Historian traces roots of local Civil War ancestors
Truckee-resident Peter Johnston Binckley’s chair looks pretty simple. The wood is a little battered, and it sits low to the ground. One of the chair’s legs broke off at some point and was fixed without much care. It has no intricate design, no shiny finish.
It’s not the look of the chair that is exceptional, however, it’s the story behind the chair.
Binckley’s treasure was the campaign chair of Confederate Army General Joseph E. Johnston – Binckley’s great-great-grand uncle. The chair has been passed through the family since Johnston died in 1891.
Now Binckley is trying to find a museum for the heirloom.
“My dad wanted it in a museum,” he said. “I worry about my house catching fire or something. It would really be a tragedy to not have it protected.”
On Wednesday, Binckley took his chair to meet Civil War historian Clay Feeter at The Bookshelf in Truckee.
For the past 15 years, Feeter has been studying and researching Civil War ancestry. This year, the Pistol River, Ore.-resident will tour 160 independent bookstores and historical societies nationwide.
In addition to doing quick searches for ancestors on a Civil War database (Feeter charges $30 for a more complete report), the historian is also compiling unpublished copies of letters from the Civil War for his upcoming book, “Letters Home from the Civil War.”
Feeter said his visit to Truckee has been special – it’s not every day he gets to meet a descendent of a Civil War general.
“Usually I see descendents of dirt-farmer privates or corporals,” Feeter joked.

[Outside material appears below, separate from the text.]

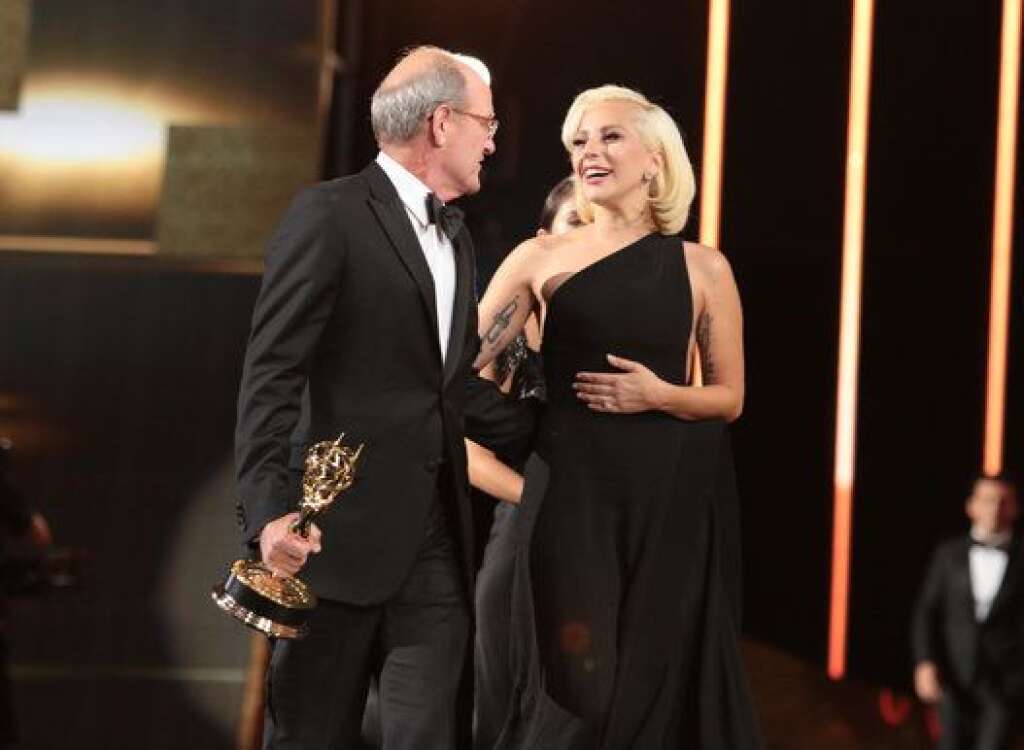 La 67ème cérémonie des Emmy Awards - Richard Jenkins, avec son prix de meilleur acteur dans une mini-série et Lady Gaga.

Although Binckley already knew most of the history behind his famous uncle – General Johnston was arguably the fourth most notable Confederate general in the war – he visited Feeter to ask which museum he should approach about the campaign chair.
After printing out a few pages with a biography on General Johnston, Feeter suggests Binckley look into the Museum of the Confederacy in Richmond, Va., as a home for his chair.

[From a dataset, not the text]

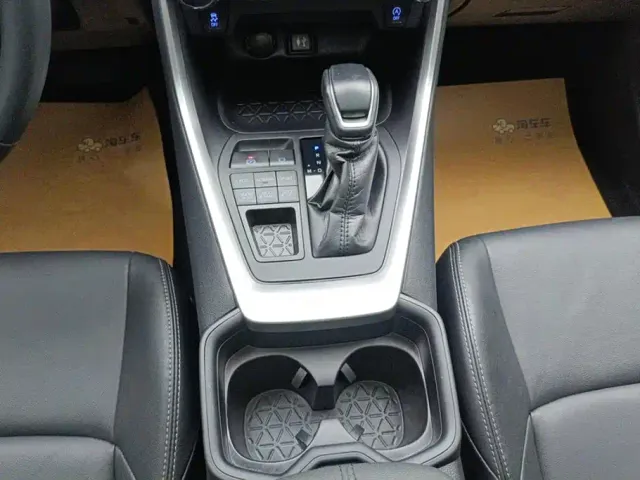 Toyota Wildlander — Фото автомобиля 16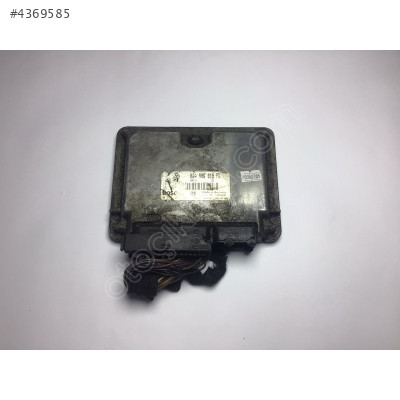 Volkswagen Golf 2.0 Motor Beyni M5.9.2 0261206261 06A906018FK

Feeter’s knowledge doesn’t end with facts about the Civil War. He has studied the battle stories and the varied perspectives that came from the Union and Confederate armies – stories most history books don’t tell.

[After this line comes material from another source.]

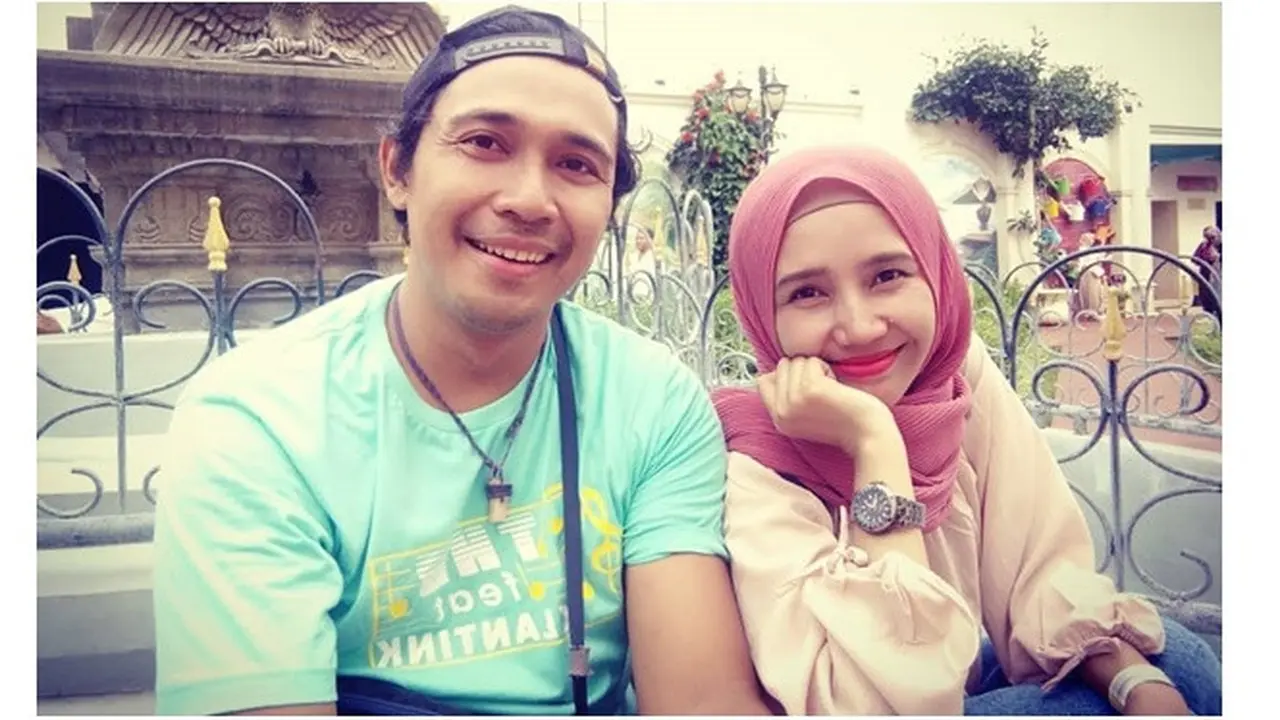 6 Potret Kebersamaan Wawan 'Klantink' dan Istri, Selalu Romantis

In Binckley’s case, Feeter tells him a story he hasn’t found in his research about his uncle.
In 1862, General Johnston, who was in command of the Army of Northern Virginia, was severely wounded in a battle at Fair Oaks. The general begged a young private to go back to Johnston’s home in Virginia, and grab two pistols that belonged to his father, who was Revolutionary War hero Peter Johnston (Binckley’s namesake).
Once the private returned, Johnston gave one of the pistols to the young man, Feeter said.
After the Fair Oaks battle and Johnston’s injury, Robert E. Lee replaced Johnston. Many historians argue that if Johnston hadn’t been wounded, he would have attained Lee’s standing as the most prominent Confederate general in the war, Feeter said.
Feeter will continue his US tour, visiting 15 to 20 events per month until the end of the year. Since almost half of Americans are descendents of Civil War ancestors, he said he encourages people to take a look at their past, because they might be surprised about what they discover.
“You can’t believe how many people have found a box in the corner of their garage that grandma left behind,” Feeter said. “When they open it, they might be very surprised with what they find.”